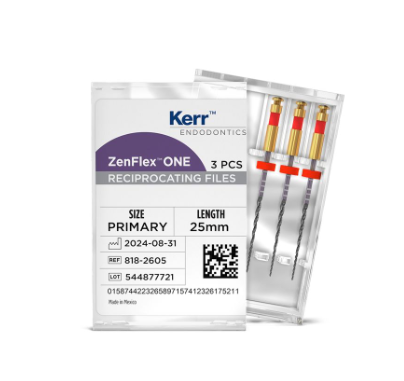 [KR8182605] ZenFlexOne NS Reciprocating NiTi  .25/.06/25mm/3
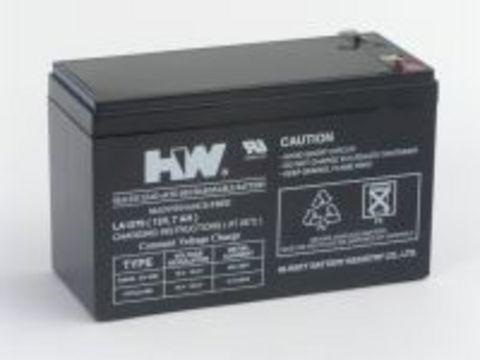 Akku UPS Power 12V 7Ah zselés akkumulátor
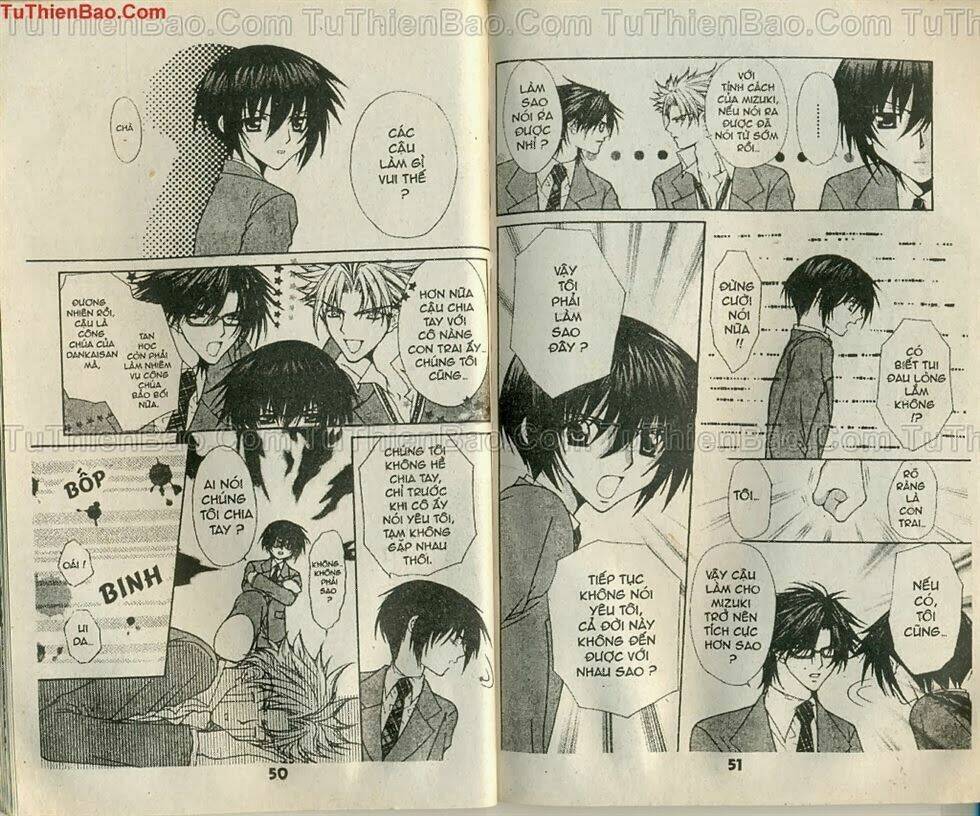 mối tình hoa hồng xanh chapter 6 24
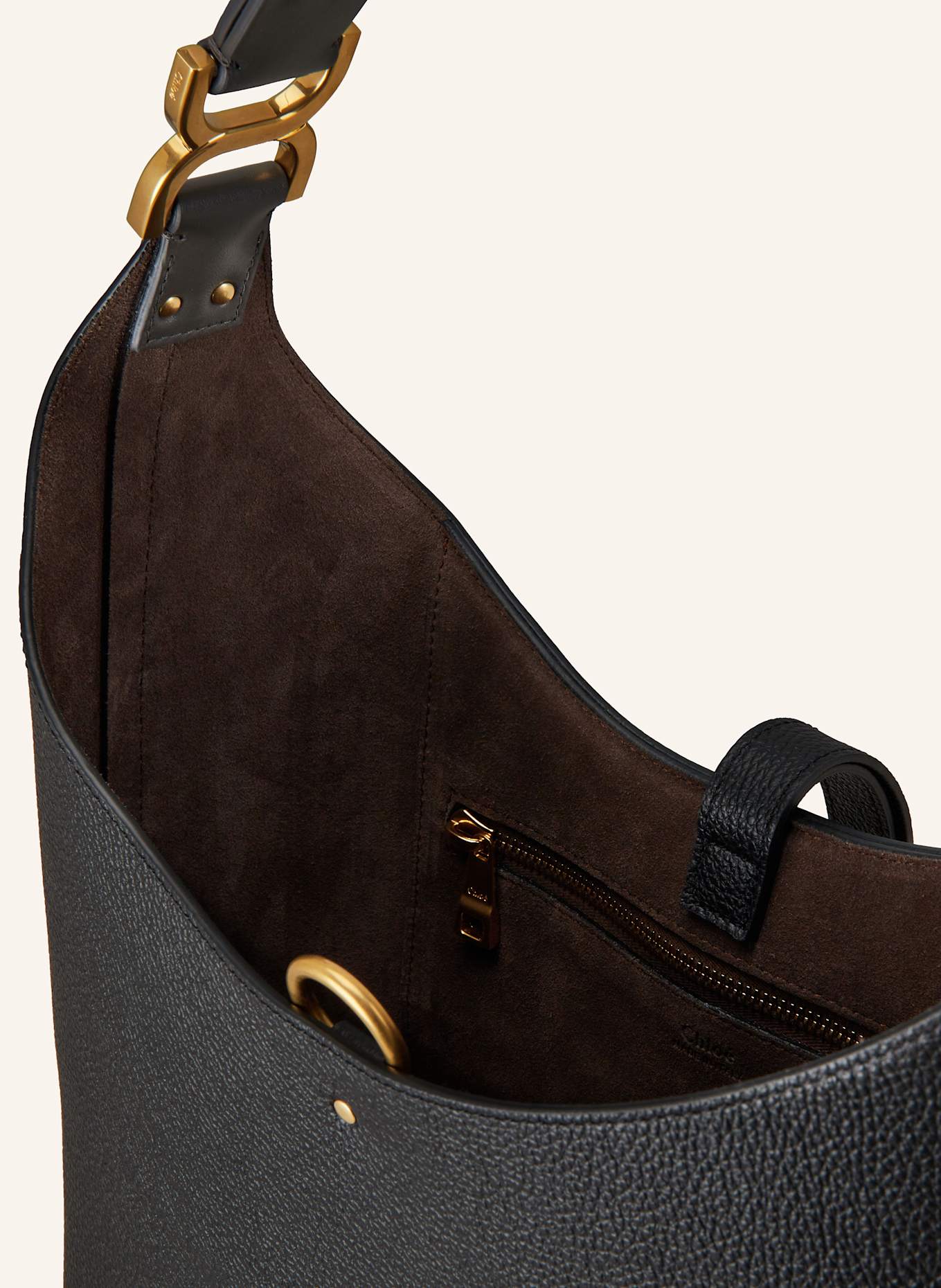 Chloé Shopper MARCIE, Farbe: SCHWARZ (Bild 3)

:::::

§ **Exercise details**
Return the material above exactly; the images stay out.

§ **Answer for this exercise**
 [KR8182605] ZenFlexOne NS Reciprocating NiTi  .25/.06/25mm/3
 Akku UPS Power 12V 7Ah zselés akkumulátor
 mối tình hoa hồng xanh chapter 6 24
 Chloé Shopper MARCIE, Farbe: SCHWARZ (Bild 3)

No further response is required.